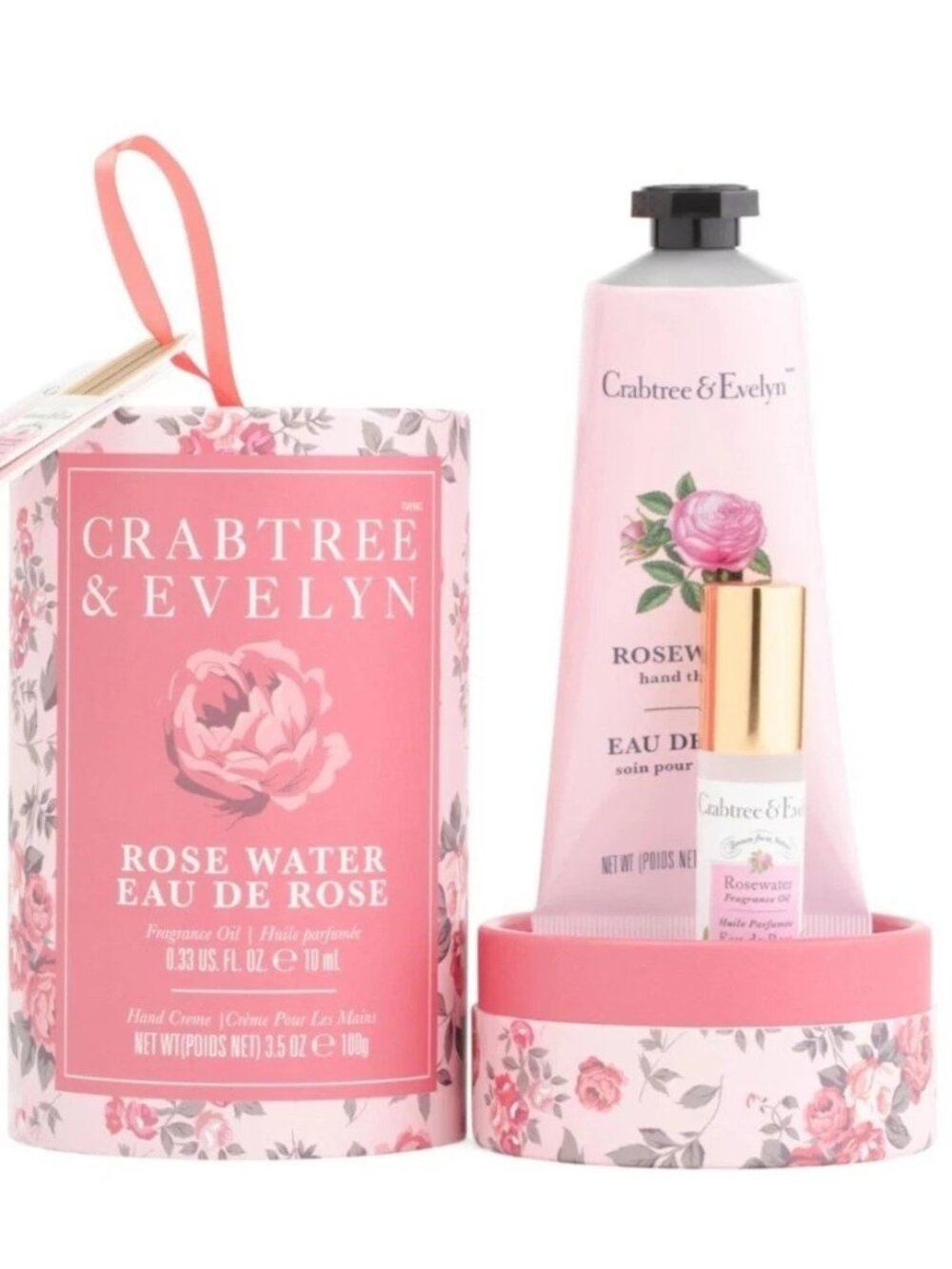 Crabtree & Evelyn Rosewater Fragrance Oil Rollerball & Hand Creme Set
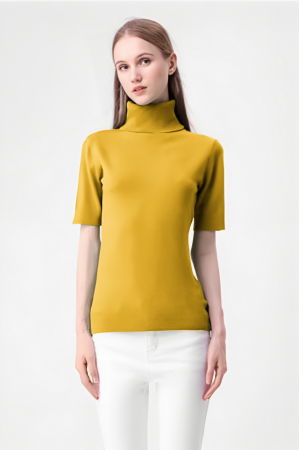 Pulovere - Helanca pulover cu maneca scurta si guler inalt, galben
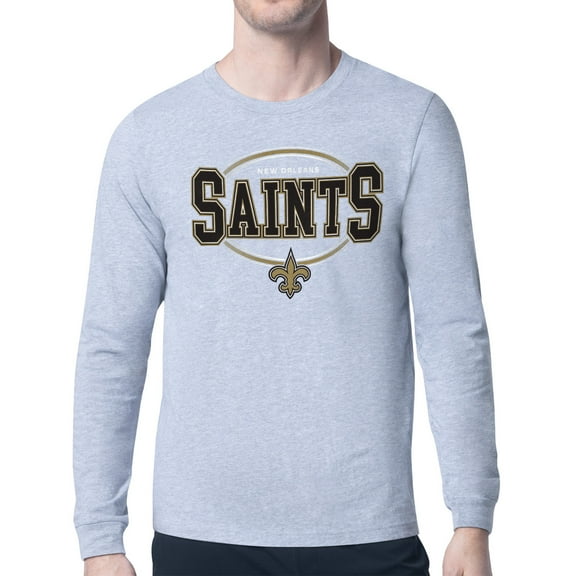 Men's Starter Heather Gray New Orleans Saints Team Track Graphic Long Sleeve T-Shirt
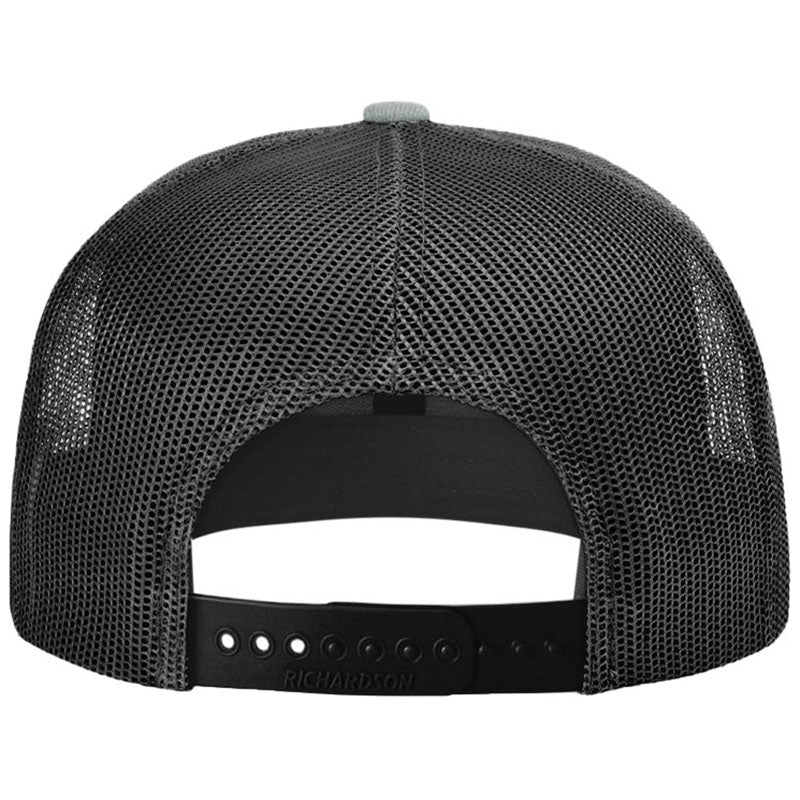 Richardson Heather Grey/Black Acrylic-Wool Blend Flatbill Trucker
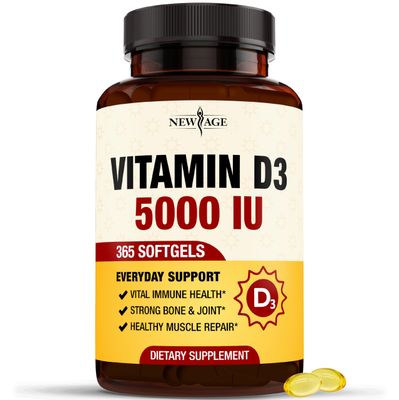 NEW AGE Vitamin D3 5000 IU 125mcg Softgels - Support Immune Support, Strong Bone Health - Non-GMO, Gluten-Free, Dairy-Free,1 Year Supply (360 Softgels (Pack of 1))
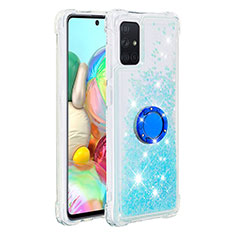 Silikon Hülle Handyhülle Gummi Schutzhülle Flexible Tasche Bling-Bling mit Fingerring Ständer S01 für Samsung Galaxy A71 4G A715 Hellblau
::::
▶ [PROMPT]: The pictures in the listing above are to be dropped, and everything else reproduced exactly.

▶ [EXERCISE OUTPUT]:
 Crabtree & Evelyn Rosewater Fragrance Oil Rollerball & Hand Creme Set
 Pulovere - Helanca pulover cu maneca scurta si guler inalt, galben
 Men's Starter Heather Gray New Orleans Saints Team Track Graphic Long Sleeve T-Shirt
 Richardson Heather Grey/Black Acrylic-Wool Blend Flatbill Trucker
 NEW AGE Vitamin D3 5000 IU 125mcg Softgels - Support Immune Support, Strong Bone Health - Non-GMO, Gluten-Free, Dairy-Free,1 Year Supply (360 Softgels (Pack of 1))
 Silikon Hülle Handyhülle Gummi Schutzhülle Flexible Tasche Bling-Bling mit Fingerring Ständer S01 für Samsung Galaxy A71 4G A715 Hellblau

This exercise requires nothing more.